OK, honestly, I was a little nervous about watching this one.  While the comic series The Sandman was at least originally billed as a horror series, I never really thought it was all that scary…except for the issue that served as the basis of this episode.

Then again, it was also the issue where, arguably, the series finally hit its stride and became the series everyone who became a fan remembers today.  Will this adaptation do the same?

OK, as far as whether or not the adaptation is as gruesome as the comic version…not quite.  Instead, it goes in a way I think might be far more appropriate for this series and makes the horror completely psychological by having John Dee do one relatively small thing to the people inside a small diner:  he makes them stop lying.

On the surface and at first blush, that doesn’t sound so bad.  The waitress, the last victim, even thinks it sounds downright pleasant when Dee first says he’s going to do it.  For myself, I figured it meant people would stop telling the little white lies that everyone probably tells at one point in time or another for the sake of maybe getting along with others without hurting feelings or ourselves in ways that are ultimately probably harmless.  I remember an uncle of mine, who has since passed on, used to loan me copies of various sci-fi and fantasy magazines, and I distinctly remember one story about how people always knowing exactly what you mean could end with the world in chaos.

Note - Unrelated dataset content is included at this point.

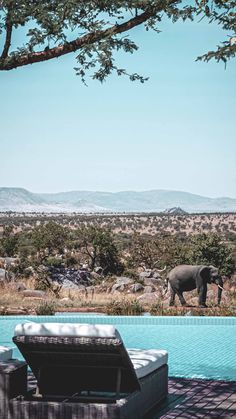 an elephant walking across a field next to a swimming pool with lounge chairs on it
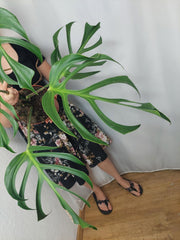 Monstera Burle Marx Flame Adult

In the story, God came down to Earth and manifested next to a very wealthy man.  God’s a bit frustrated, and he isn’t too happy when the rich guy asks to buy Jupiter.  So, God decides to do the reverse of the Tower of Babel and make it so everyone always understood each other.  So, no more different languages?  Why is that a punishment?  It soon becomes obvious when everyone, including numerous characters that the story’s POV character had met along the way, said exactly what they meant in a accent-free tone.  Fairly harmless sounding things like a taxi driver with a pleasant demeanor and a Jamaican accent or a St. Patrick’s Day parade soon gave way to recriminations, accusations no one could deny even if they were only subconsciously true, and a lot of violence and mayhem.  That’s the sort of stuff I expected from this episode when it became clear that John Dee wanted total honestly, and while there is a bit of that, there’s also something else that is dramatically and thematically important to who and what Morpheus is.

See, Morpheus is the Lord of the Dreaming but also the King of Stories.  So, what happens when not only do people stop lying to each other, but they stop lying to themselves?

What, in the grand scheme of things, is the difference between a dream of, say, becoming a published author despite a lack of talent or the sort of luck or hard work that actually gets work professionally published, and a lie?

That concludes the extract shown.